SHAPO: Sharpness-Aware Policy Optimization for Safe Exploration
For safety-critical RL applications, SHAPO provides a principled method to enhance safe exploration by leveraging epistemic uncertainty, achieving better Pareto frontiers of safety and performance.
SHAPO introduces a sharpness-aware policy update rule that uses perturbed parameters to bias RL agents toward conservative behavior in under-explored regions, consistently improving both safety and task performance over baselines across continuous-control tasks.

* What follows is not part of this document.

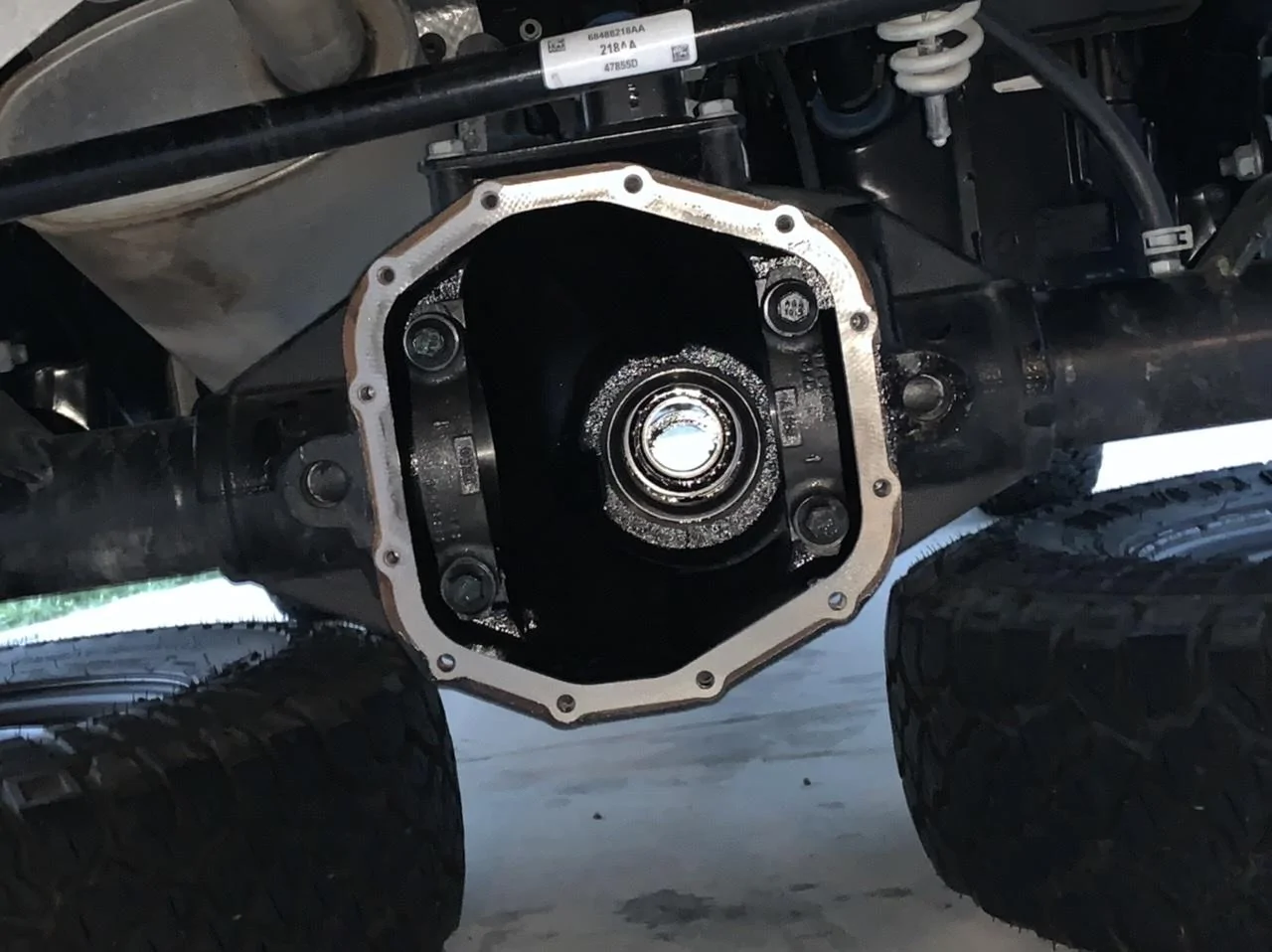 Jeep Gladiator ‘21 Sport w/2” Mopar, Kenda 35x10.50 on Mopar Steel Spares 7E8BB7FC-65DD-4A78-B7D0-3DC0CC0A713F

Safe exploration is a prerequisite for deploying reinforcement learning (RL) agents in safety-critical domains. In this paper, we approach safe exploration through the lens of epistemic uncertainty, where the actor's sensitivity to parameter perturbations serves as a practical proxy for regions of high uncertainty. We propose Sharpness-Aware Policy Optimization (SHAPO), a sharpness-aware policy update rule that evaluates gradients at perturbed parameters, making policy updates pessimistic with respect to the actor's epistemic uncertainty. Analytically we show that this adjustment implicitly reweighs policy gradients, amplifying the influence of rare unsafe actions while tempering contributions from already safe ones, thereby biasing learning toward conservative behavior in under-explored regions. Across several continuous-control tasks, our method consistently improves both safety and task performance over existing baselines, significantly expanding their Pareto frontiers.